The Splunk SVAs lay out seven architectures, although there are really three that are the most popular. Those three will be what we focus on here, the other four are great…but most people reading this won’t need help figuring those other four out…they will be paying a consultant.
All Splunk components, from indexing, and licensing to searching, are installed on a single server. This is a great way to get started in Splunk if the reasons why you use Splunk are not mission-critical. Because this is a single-server architecture, you will have no redundancy. This means when it comes time to patch Splunk or the OS, Splunk will be offline during that period and no logs will be collected. No one will be able to access Splunk for content and no alerts will be generated during this down period. This single-server SVA is also limited in its capacity to ingest data. Splunk says it will handle ~300GB a day, but that sounds like a made-up number. I would put the number closer to 150GB a day. It is however a really simple deployment with very low overhead.

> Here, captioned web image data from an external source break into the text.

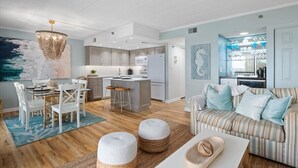A modern living room with a striped sofa, a dining table with chairs, and a kitchen area with a central island. - LAST DATES! Bay Sunset Getaway • Pool • 2BR/2BA • Free Linens (Ocean City)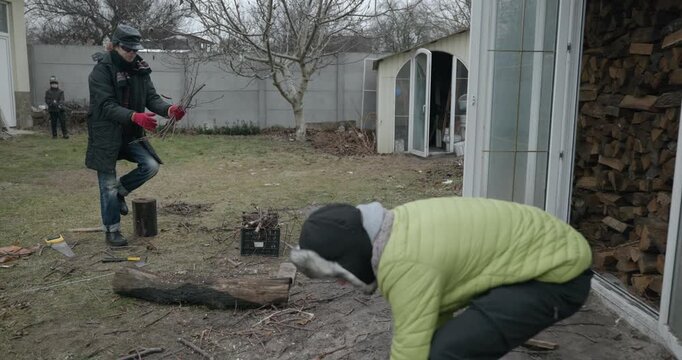 Men with kid cut branches in backyard and stockpile firewood in shed for winter. 4K 10-bit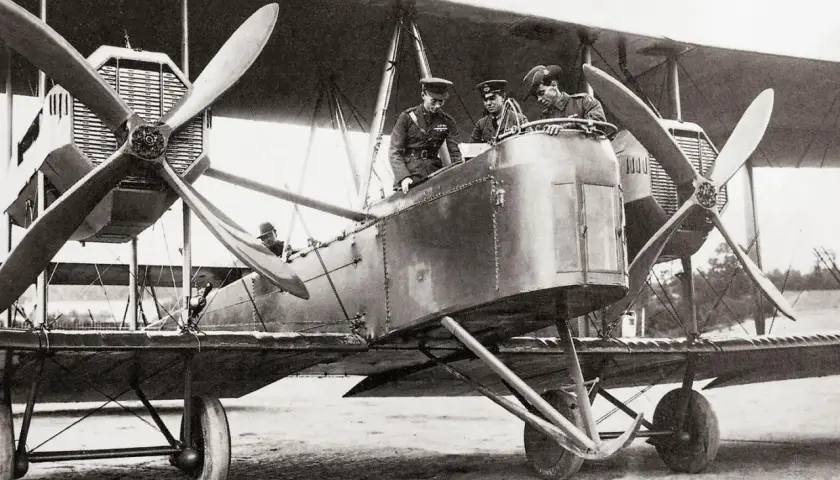 Männer in Uniformen stehen auf einem historischen hochdecker flugzeug.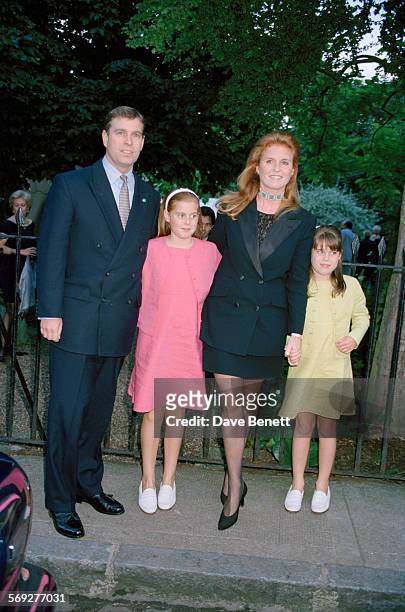 Prince Andrew, Duke of York, and Sarah, Duchess of York with their children, Princess Beatrice of York and Princess Eugenie of York, attending a...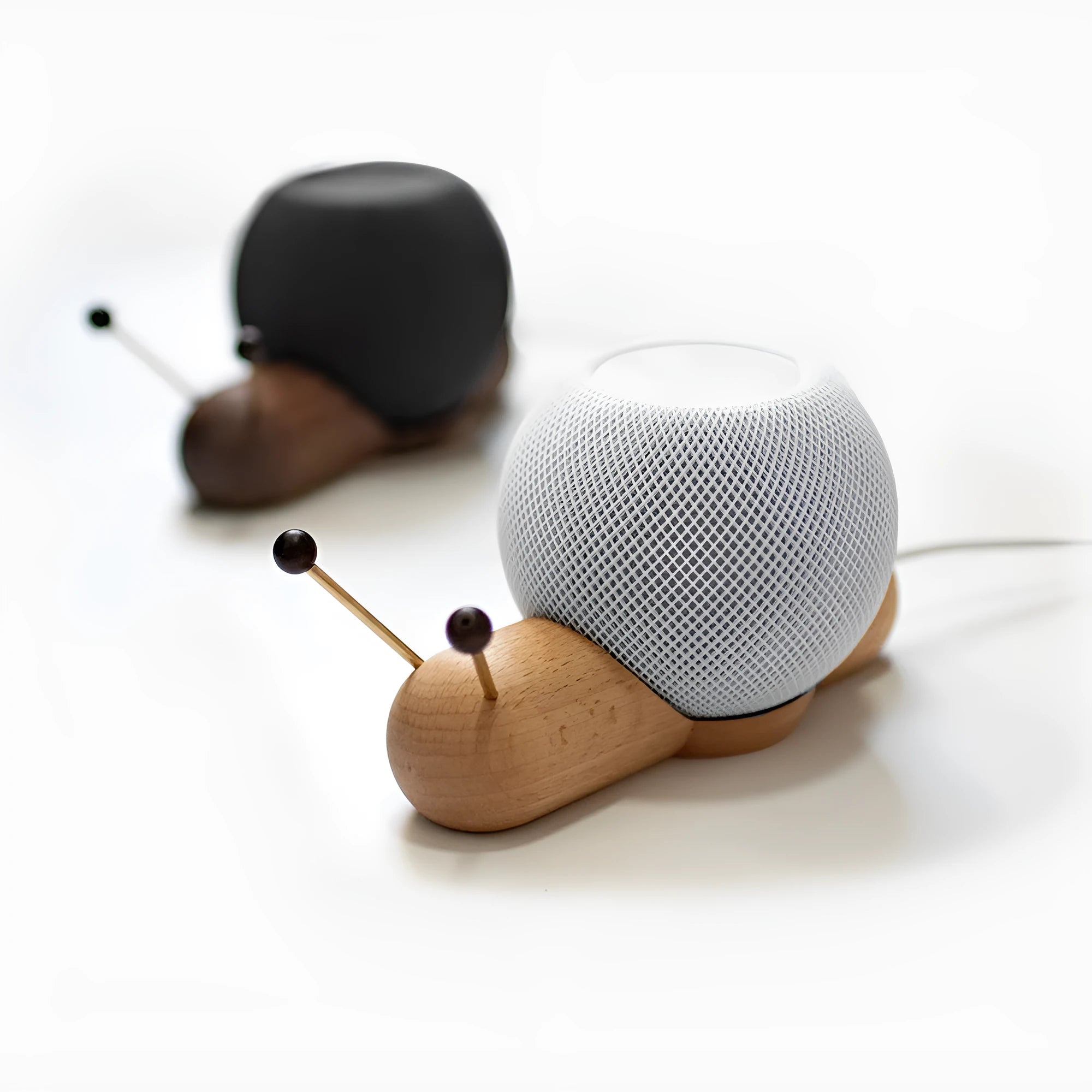 Khaki brown desktop non-slip bracket holding a smart Bluetooth speaker.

In this model, the major Splunk components are separated from each other. This establishes the three-tier approach with a separate management plane. The first tier is the collection tier, which includes universal forwarders, heavy forwarders, and all other data sources. The next tier is dedicated to data ingesting and parsing, and it’s called the indexing tier. In this tier, there are two or more “indexer” servers that are centrally managed by an indexer cluster master. The indexer cluster master maintains unified configurations across all of the indexers in the cluster, allowing administrators a simple path toward scaling the index as the need arises. It’s important to remember, the indexer cluster master is a separate Splunk component that is installed on a separate dedicated server (possibly along with other management components like the license master, management console, and deployment server).
This SVA has a single search head, which means that while there is data ingest redundancy provided by the indexer cluster there isn’t any redundancy for search head activities like content creation, report & alert generation, or running queries. This is a very popular architecture that many organizations choose to use because of the redundant data ingest capabilities. Although there isn’t redundancy in the search head, search head failures are very rare and can be easily resolved with a reboot.

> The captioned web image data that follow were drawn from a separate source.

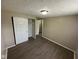 Bedroom with neutral walls, wood-look flooring, ceiling light, and closet at 10316 Woodhaven Cir, Indianapolis, IN 46229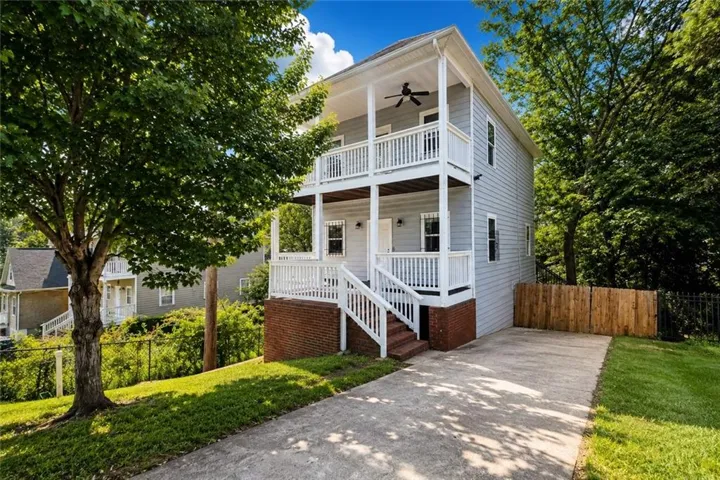 Two-story residence featuring light gray siding with white trim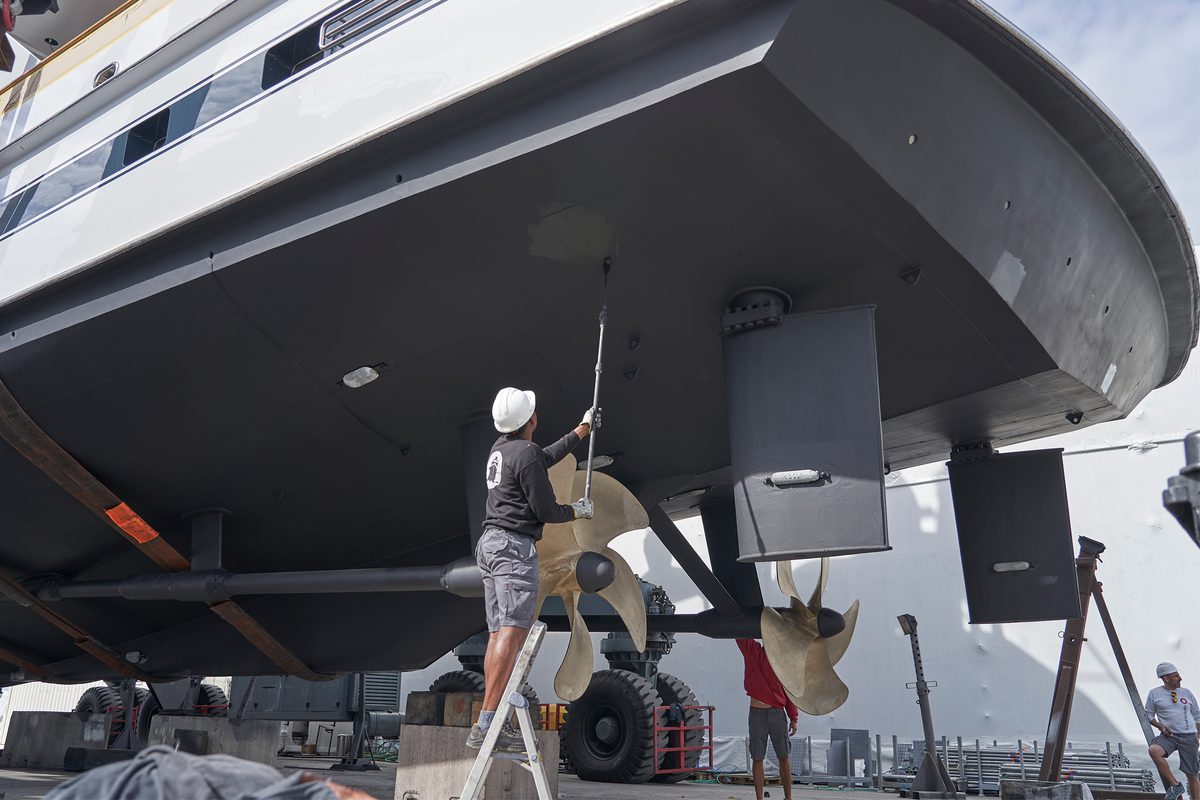 A man applies paint to the underside of a motor yacht using a roller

This architecture takes redundancy to the next level by effectively cloning the single-site distributed deployment we just talked about. Not only is each site redundant and able to process data independent of the other sites’ clusters, but there is also a complete set of data replicated between sites. That, coupled with a search head cluster per site provides a measure of redundancy not found in any other SVA. This does however increase the complexity of the deployment, increase the TCO through infrastructure costs, and can make troubleshooting more difficult because of the issues that are common when connecting two remote sites together.
If your organization operates in multiple clouds or on-premises data centers and you have the requirement to deliver Splunk as though it’s a mission-critical app, this SVA is hard to pass on.
I focused this post on reviewing the 3 best SVAs made available through the Splunk white paper, but I would be remiss if I didn’t mention that nearly half of the white paper is dedicated to showcasing the nuances of clustered search head and indexer configurations. If those are topics that you are curious about, be sure to check out the rest of the white paper.